Beall taught at Southwest Texas State University and Eastern
Illinois University before his appointment at West Virginia.
He has received commissions from the National Endowment for the
Arts (two awards), several universities, the West Virginia Music
Teachers Association (Composer of the Year, 1981), Radiological
Consultants Association of West Virginia, and the West Virginia
Symphony Orchestra (two awards). Performances have come from
the Dallas, Rochester, Pittsburgh, and West Virginia Symphonies,
the Bach Choir of Pittsburgh, chamber organizations such as the
Interlochen Faculty Players, Pittsburgh New Music Ensemble, Claremont
Quintet, Laureate Wind Quintet, Rutgers Wind Quintet, Georgia
Wind Quintet, Savannah Wind Quintet, Aeolian Chamber Players,
and various university ensembles and professional soloists.
In 1985 John Beall completed his Symphony No. 1 while
a fellow at the Rockefeller Foundation's Study and Conference
Center at Bellagio, Italy, and at Yaddo, Saratoga Springs,
NY. The work was premiered by the West Virginia University
Symphony Orchestra under Rachael Worby in 1986. In 1990 he
was named Benedum Distinguished Scholar for the Arts and Humanities
by West Virginia University. He is an annual winner of Serious
Music Awards from the American Society of Composers, Authors,
and Publishers (ASCAP). December, 1991, saw the premiere at
WVU of Mr. Beall's Anglican Mass, for large choir,
soloists, organ and orchestra, his largest work to that date.
In 1995 he was named to a Fellowship in Music Composition
by the West Virginia Division of Culture and History in collaboration
with the West Virginia Commission on the Arts. In the fall
of 1997 his first opera, Ethan Frome, to a libretto
by Jack Held adapted from Edith Wharton's novel of the same
name, was premiered as a part of the centennial of the School
of Music at West Virginia University. In 1998 a television
production of the same opera was given its broadcast premiere
over statewide public television. Also in 1998 came the premiere
of the Concerto for Violin and Orchestra for violinist
Stephen Beall. New works since then have included Breakers,
for Flute and Piano (1999), Wondrous Love: Variations
for Viola and Piano (1999), Terra Firma, Trio for
Flute, Violoncello, and Piano (1998-00), and String
Quartet No. 2, "The River", (2000 -2001). Premiered
in 2003 were the Symphony No. 2, "Spruce Knob,"

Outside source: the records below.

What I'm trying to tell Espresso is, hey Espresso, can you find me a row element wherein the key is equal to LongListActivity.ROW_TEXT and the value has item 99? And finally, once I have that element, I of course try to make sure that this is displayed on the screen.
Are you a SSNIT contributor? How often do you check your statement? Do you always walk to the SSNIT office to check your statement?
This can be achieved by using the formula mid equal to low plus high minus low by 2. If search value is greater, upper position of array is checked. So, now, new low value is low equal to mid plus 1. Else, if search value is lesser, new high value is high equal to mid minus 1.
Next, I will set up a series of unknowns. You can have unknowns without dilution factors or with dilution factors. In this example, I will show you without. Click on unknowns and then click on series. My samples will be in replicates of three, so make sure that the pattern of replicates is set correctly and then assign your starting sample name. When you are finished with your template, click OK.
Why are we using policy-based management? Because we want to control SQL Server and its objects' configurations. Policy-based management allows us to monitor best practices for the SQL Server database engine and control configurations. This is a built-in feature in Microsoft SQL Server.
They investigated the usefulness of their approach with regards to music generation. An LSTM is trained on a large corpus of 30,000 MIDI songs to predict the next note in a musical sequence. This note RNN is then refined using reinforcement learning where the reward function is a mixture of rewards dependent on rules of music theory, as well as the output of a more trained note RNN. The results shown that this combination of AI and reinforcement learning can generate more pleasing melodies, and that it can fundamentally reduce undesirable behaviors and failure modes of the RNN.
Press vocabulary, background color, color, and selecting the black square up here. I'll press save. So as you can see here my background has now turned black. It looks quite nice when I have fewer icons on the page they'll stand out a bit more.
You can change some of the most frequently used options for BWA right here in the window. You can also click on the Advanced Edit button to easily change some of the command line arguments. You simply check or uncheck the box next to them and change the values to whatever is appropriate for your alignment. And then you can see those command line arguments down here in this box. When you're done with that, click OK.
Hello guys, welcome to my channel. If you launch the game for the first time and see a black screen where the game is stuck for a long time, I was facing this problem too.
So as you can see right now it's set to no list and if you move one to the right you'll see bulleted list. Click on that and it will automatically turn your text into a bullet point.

a commissioned work for the opening of the Clay Center for
the Arts, new home of the West Virginia Symphony Orchestra,
in Charleston, Raven Rock, for the Baylor Symphony
Orchestra at Baylor University, and an orchestral suite drawn
from the opera, Ethan Frome, for the Detroit Civic Orchestra.
The summer of 2004 saw the premiere of the Sonata for
Viola and Piano commissioned (and performed) by Pittsburgh
Symphony Viola Principal, Randolph Kelly. Coming up in the
spring of 2007 will be the premiere of the Double Concerto
for Violin and Contrabass with the United States Marine
Chamber Orchestra.
His compositions enjoy a growing success throughout the United
States, and Western Europe. There are three compact discs
of his music available: two released by Cambria Master Recordings,
and one two-CD box released by the West Virginia University
Press. (See the Recordings page of this website.) .His music
is published by MMB Music, Inc., Carl Fischer, and Southern
Music Co. He is a member of ASCAP, MTNA, SCI (Region III),
and Phi Mu Alpha Sinfonia. His strengths as a composer are
the humanistic warmth -- drama and lyricism -- of his musical
language, and the technical craft with which he applies it.
His style is rather independent, while drawing both on recent
contemporary developments and American folk elements.